[Required action] Would you transcribe each entry exactly as it stands, omitting the pictures?

Materials provided section start

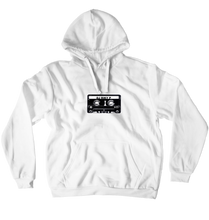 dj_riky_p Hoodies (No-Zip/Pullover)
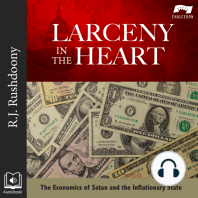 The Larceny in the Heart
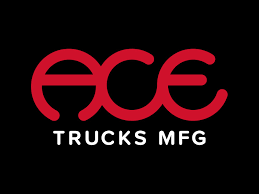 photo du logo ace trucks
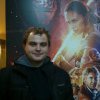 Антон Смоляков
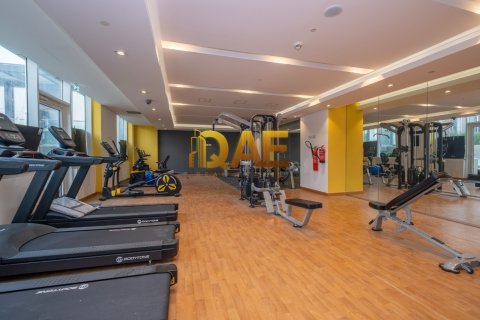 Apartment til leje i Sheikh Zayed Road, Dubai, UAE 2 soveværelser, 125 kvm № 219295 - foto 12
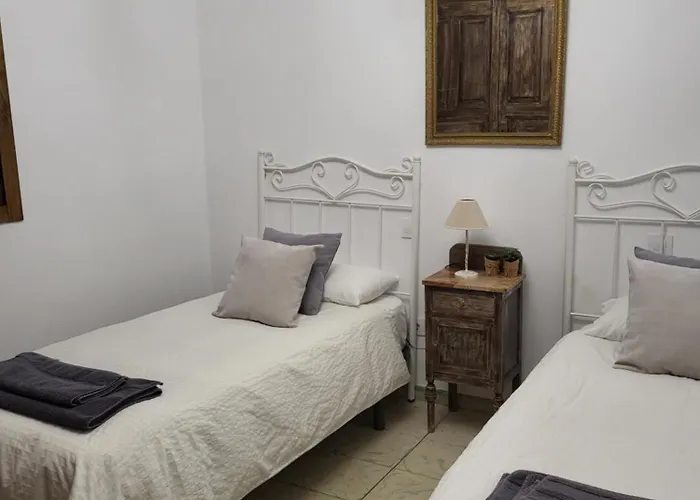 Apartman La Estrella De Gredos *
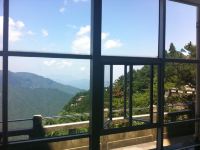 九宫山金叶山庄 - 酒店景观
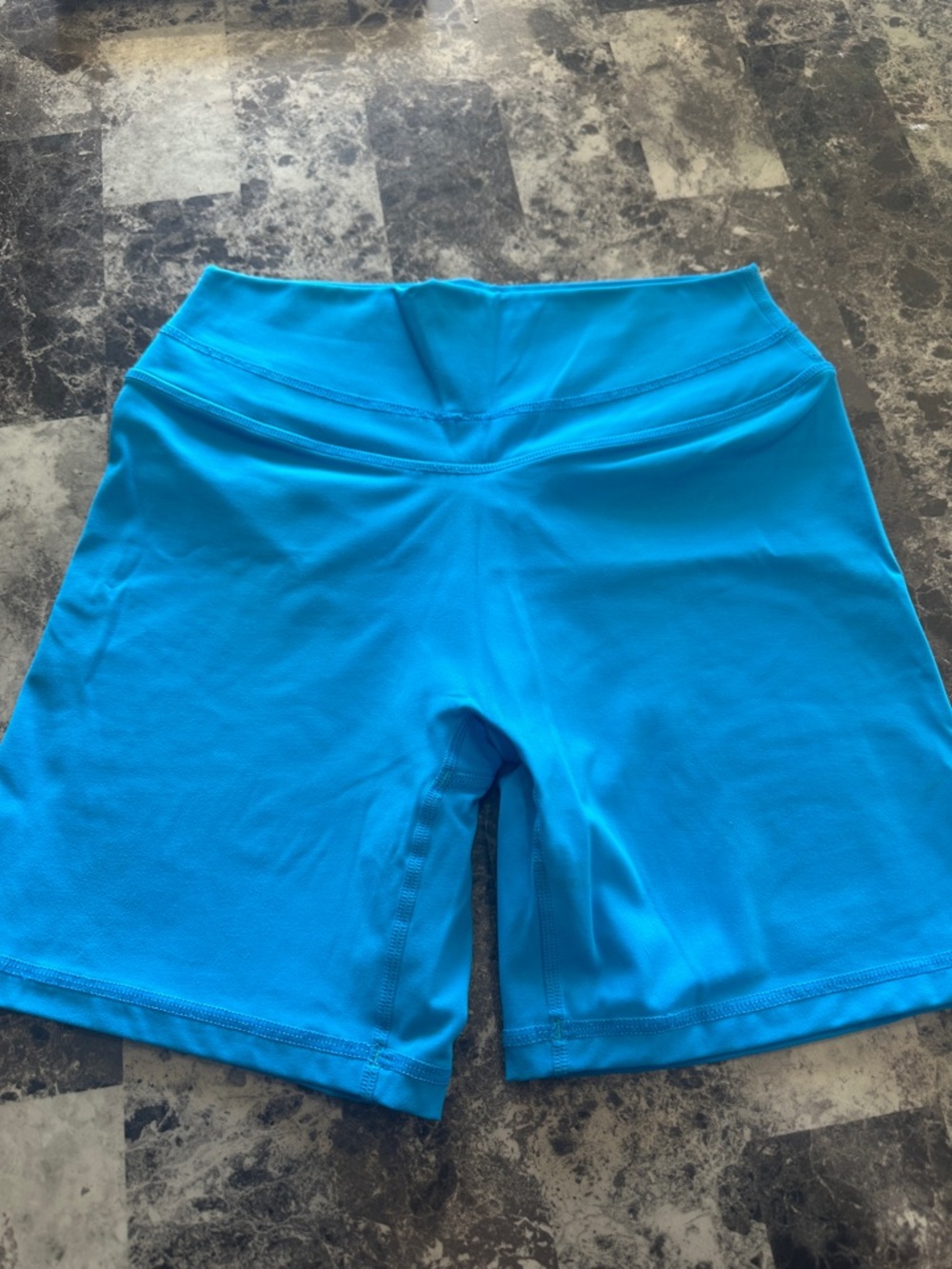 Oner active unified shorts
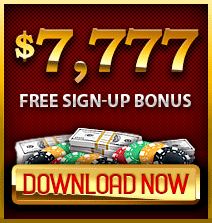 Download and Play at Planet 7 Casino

Materials provided section end

[Answer space]
 dj_riky_p Hoodies (No-Zip/Pullover)
 The Larceny in the Heart
 photo du logo ace trucks
 Антон Смоляков
 Apartment til leje i Sheikh Zayed Road, Dubai, UAE 2 soveværelser, 125 kvm № 219295 - foto 12
 Apartman La Estrella De Gredos *
 九宫山金叶山庄 - 酒店景观
 Oner active unified shorts
 Download and Play at Planet 7 Casino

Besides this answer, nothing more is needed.